An article titled Vancouver Politics by Paul Tennant in The Vancouver Book (1976), describes the entry of TEAM onto the civic political scene in 1968. TEAM, wrote Tennant, “sought to be a moderate reform group appealing to persons of all political ideologies.”

On their left was COPE (the Committee of Progressive Electors), also formed in 1968, and on their right was the NPA (the Non-Partisan Association), which had been a power in city politics for nearly four decades, and which “held that the affairs of the city should be run by those with the necessary knowledge and experience, i.e., those with a professional-managerial background, in order to run the city in a business-like way.”
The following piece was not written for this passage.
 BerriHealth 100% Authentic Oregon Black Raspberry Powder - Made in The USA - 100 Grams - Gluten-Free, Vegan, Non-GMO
The reformers, on the other hand, “felt that civic decision-making should be open to the public, with leadership coming from a cross-section of the population, and rule going to the working class majority. This group was concerned about land use, they advocated city control, and preferred to structure politics around the neighborhood concept.”

Quote OF THE DAY

“It was very diverse, and we got together by word of mouth. There were professors, business people, labor, lawyers and from all across the city. It was a coalescing of people around the idea we should do something.” – former City Councillor Setty Pendakur on the formation Vancouver’s reform movement and its political manifestation – TEAM – came into being in the late 1960’s and early 1970’s.